— Exercise aim —
Below are some records. Return exactly the lines from the one with "vem acompanhada de" to the one with "corpo todo), não", and nothing else.

— Data supplied —
--
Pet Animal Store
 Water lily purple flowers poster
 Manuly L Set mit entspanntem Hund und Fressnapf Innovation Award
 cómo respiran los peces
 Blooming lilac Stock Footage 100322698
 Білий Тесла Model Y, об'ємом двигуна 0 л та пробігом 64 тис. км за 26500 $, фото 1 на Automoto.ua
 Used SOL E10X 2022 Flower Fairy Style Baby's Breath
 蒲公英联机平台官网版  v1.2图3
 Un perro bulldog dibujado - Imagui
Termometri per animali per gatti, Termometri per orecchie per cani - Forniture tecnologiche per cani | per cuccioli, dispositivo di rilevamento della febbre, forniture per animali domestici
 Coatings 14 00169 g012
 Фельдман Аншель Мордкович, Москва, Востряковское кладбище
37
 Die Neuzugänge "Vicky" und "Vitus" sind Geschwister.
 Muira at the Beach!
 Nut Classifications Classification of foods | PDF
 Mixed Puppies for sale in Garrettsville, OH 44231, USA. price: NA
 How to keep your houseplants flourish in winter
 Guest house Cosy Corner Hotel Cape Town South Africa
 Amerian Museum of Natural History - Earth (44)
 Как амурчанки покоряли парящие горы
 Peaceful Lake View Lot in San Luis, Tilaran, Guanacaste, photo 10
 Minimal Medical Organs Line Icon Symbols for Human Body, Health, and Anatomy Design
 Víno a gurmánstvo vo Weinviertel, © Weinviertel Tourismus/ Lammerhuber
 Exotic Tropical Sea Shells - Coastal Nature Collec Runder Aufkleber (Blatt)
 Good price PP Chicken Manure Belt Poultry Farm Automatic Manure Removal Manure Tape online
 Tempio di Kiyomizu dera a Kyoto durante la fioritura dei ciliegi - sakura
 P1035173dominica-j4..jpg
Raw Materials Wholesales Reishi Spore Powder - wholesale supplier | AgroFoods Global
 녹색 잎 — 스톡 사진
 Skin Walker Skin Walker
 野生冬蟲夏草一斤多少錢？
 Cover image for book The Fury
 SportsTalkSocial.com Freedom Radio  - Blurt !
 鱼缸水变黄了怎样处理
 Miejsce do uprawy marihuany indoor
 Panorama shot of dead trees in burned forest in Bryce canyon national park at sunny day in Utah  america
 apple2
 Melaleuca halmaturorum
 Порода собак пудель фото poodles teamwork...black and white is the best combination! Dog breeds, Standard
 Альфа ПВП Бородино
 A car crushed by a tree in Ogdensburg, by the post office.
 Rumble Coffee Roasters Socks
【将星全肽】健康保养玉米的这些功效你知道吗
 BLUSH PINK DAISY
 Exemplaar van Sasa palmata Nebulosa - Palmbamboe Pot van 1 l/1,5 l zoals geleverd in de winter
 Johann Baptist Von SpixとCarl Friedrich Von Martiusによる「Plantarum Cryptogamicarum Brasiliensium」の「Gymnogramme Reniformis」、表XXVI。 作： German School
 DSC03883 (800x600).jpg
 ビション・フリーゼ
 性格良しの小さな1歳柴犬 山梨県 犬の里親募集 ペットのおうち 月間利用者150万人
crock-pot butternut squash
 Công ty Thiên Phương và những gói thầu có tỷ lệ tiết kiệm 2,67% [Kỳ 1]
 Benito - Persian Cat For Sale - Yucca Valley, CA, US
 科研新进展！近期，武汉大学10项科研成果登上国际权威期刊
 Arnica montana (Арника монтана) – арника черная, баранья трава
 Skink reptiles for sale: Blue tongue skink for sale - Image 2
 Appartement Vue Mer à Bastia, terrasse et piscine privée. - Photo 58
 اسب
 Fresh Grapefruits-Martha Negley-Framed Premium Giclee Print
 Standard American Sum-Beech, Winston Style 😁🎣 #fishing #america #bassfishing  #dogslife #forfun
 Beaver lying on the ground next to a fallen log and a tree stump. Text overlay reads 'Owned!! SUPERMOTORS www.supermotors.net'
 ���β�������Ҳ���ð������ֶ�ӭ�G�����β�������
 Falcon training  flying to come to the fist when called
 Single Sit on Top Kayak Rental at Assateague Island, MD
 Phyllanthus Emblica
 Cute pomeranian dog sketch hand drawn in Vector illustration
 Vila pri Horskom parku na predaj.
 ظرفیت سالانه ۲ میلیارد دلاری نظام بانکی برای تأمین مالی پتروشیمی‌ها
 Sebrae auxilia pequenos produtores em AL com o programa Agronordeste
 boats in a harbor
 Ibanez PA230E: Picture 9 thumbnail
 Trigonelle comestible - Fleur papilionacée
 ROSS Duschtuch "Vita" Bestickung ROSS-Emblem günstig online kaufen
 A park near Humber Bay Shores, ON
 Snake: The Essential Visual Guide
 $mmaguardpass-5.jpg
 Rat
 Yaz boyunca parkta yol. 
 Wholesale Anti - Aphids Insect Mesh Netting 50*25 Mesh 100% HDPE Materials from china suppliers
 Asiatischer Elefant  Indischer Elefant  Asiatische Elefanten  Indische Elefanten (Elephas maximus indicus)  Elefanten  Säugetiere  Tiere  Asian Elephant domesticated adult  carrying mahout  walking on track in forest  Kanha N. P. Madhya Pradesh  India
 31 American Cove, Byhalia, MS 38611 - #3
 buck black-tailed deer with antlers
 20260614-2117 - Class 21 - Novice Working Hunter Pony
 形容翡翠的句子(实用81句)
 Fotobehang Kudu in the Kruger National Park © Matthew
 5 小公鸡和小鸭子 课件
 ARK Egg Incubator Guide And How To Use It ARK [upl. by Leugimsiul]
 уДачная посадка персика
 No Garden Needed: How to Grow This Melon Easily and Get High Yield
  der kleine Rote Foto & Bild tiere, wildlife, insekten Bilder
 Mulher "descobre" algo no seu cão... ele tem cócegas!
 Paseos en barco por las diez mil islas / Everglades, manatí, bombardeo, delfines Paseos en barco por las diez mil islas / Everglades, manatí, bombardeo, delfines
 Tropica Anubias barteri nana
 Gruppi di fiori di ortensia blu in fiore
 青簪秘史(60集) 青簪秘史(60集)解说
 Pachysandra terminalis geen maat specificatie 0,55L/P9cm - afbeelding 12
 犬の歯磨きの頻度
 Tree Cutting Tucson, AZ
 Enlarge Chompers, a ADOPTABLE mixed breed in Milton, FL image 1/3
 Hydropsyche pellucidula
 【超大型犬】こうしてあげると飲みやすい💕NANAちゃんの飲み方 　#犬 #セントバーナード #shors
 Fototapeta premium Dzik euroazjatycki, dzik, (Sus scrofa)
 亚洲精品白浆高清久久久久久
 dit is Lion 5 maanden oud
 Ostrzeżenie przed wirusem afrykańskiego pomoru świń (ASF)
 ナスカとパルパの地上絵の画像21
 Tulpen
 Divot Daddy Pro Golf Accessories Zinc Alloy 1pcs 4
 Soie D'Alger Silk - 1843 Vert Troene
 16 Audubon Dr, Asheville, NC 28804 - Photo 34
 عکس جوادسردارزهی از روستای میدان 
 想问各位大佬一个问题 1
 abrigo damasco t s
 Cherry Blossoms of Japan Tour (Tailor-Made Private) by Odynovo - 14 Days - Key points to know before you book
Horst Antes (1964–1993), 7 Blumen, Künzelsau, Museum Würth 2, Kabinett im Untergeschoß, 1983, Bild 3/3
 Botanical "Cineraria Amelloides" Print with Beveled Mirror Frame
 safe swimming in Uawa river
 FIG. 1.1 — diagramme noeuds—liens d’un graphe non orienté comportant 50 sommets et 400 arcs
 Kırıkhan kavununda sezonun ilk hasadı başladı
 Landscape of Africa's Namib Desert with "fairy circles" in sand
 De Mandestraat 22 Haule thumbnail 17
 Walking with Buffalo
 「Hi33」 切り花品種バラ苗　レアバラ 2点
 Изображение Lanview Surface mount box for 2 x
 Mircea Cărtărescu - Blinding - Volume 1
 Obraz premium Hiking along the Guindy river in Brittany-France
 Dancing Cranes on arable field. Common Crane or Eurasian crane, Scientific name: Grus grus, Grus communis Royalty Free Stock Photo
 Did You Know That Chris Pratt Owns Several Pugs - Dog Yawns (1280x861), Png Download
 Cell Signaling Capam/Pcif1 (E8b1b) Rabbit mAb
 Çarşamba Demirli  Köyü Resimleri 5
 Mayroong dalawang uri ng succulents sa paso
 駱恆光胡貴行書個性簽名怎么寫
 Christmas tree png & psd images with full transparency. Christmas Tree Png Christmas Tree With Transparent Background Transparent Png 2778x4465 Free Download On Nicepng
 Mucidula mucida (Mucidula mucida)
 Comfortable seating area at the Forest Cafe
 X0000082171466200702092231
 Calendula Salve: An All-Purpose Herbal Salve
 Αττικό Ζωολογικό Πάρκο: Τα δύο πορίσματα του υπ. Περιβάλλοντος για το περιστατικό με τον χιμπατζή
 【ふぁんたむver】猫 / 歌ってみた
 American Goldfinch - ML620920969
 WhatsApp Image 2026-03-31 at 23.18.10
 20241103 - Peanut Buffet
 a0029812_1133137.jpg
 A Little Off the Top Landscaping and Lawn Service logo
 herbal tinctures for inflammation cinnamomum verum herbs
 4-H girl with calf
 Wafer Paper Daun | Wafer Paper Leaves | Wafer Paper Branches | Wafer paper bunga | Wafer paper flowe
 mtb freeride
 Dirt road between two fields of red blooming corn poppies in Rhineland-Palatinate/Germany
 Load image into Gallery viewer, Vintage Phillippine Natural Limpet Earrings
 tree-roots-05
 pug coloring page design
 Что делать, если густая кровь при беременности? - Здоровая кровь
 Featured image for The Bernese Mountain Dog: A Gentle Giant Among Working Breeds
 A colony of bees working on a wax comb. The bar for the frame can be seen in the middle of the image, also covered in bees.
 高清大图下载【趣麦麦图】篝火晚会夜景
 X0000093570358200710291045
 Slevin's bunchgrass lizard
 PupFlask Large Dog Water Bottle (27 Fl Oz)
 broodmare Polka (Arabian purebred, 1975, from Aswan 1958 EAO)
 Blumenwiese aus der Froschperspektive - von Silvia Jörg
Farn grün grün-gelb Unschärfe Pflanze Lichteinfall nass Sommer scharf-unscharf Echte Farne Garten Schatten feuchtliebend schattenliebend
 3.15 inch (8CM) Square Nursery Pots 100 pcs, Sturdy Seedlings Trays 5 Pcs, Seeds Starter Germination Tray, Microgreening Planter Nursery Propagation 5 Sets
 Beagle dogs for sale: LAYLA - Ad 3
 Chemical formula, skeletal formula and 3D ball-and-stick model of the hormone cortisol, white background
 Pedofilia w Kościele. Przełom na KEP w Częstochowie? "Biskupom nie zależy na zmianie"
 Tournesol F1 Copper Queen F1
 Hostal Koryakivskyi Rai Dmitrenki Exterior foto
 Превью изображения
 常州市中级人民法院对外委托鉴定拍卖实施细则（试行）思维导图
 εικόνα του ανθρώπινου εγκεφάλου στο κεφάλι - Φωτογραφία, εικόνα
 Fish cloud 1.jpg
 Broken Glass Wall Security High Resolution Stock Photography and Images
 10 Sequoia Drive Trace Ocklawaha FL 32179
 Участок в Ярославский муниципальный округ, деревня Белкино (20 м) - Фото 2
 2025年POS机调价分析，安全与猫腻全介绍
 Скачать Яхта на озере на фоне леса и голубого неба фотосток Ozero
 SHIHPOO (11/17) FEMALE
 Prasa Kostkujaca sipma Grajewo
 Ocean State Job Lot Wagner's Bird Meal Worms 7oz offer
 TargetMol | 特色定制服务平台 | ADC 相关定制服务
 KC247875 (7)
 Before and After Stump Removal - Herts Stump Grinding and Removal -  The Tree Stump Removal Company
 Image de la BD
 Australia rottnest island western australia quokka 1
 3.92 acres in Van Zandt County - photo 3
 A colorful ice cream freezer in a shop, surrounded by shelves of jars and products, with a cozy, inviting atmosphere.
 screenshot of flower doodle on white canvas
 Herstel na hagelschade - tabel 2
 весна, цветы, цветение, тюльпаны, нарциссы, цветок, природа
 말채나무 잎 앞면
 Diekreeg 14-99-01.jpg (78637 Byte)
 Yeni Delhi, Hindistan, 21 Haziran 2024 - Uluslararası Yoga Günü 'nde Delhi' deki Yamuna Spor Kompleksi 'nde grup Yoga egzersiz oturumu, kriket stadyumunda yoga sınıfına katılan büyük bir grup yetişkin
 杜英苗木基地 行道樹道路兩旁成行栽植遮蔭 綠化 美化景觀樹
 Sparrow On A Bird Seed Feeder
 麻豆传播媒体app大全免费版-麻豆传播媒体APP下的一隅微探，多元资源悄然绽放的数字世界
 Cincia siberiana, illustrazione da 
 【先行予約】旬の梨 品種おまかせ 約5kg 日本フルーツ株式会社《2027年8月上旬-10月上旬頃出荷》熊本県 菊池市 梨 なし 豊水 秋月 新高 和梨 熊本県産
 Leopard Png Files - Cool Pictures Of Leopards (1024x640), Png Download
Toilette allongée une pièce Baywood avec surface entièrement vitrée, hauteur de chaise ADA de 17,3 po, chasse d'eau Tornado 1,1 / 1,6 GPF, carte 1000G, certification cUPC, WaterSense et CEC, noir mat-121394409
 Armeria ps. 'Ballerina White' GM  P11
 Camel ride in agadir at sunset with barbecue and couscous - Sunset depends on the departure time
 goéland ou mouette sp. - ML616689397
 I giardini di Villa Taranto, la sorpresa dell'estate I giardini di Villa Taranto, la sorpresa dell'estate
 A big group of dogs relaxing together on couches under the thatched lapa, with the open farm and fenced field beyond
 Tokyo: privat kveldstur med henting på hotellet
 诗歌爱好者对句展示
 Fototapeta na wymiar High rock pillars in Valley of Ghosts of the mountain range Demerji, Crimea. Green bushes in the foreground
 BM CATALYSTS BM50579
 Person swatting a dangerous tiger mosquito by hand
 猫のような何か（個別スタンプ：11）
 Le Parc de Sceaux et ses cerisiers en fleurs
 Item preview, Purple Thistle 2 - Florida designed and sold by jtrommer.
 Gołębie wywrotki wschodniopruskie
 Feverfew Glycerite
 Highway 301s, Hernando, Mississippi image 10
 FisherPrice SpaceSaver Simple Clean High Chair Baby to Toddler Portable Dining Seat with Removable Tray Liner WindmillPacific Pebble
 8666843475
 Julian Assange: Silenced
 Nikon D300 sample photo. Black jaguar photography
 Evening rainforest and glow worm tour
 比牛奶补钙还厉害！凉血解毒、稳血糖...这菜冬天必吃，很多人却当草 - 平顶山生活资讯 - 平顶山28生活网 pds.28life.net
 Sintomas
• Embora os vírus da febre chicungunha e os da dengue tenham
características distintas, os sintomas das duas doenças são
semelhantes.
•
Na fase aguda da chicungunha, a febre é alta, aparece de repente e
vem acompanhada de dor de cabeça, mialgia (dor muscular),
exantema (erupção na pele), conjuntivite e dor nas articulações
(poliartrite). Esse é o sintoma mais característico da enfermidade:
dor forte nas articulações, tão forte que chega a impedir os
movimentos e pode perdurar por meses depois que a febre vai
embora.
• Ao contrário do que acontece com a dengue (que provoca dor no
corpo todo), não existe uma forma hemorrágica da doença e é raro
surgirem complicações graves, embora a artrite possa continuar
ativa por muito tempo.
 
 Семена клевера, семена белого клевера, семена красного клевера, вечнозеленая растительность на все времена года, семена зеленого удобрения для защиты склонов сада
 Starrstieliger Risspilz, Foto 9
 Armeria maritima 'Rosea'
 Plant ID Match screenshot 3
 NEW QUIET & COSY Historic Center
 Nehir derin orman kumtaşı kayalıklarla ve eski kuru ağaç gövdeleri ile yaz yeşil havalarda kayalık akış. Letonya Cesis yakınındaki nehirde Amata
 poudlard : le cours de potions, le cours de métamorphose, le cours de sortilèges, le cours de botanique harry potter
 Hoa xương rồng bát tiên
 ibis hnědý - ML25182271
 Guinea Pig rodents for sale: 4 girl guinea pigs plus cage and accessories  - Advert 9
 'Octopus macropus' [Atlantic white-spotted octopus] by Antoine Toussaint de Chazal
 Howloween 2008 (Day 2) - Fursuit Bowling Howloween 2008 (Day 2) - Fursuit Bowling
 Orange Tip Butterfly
--
— Answer box —
vem acompanhada de dor de cabeça, mialgia (dor muscular),
exantema (erupção na pele), conjuntivite e dor nas articulações
(poliartrite). Esse é o sintoma mais característico da enfermidade:
dor forte nas articulações, tão forte que chega a impedir os
movimentos e pode perdurar por meses depois que a febre vai
embora.
• Ao contrário do que acontece com a dengue (que provoca dor no
corpo todo), não existe uma forma hemorrágica da doença e é raro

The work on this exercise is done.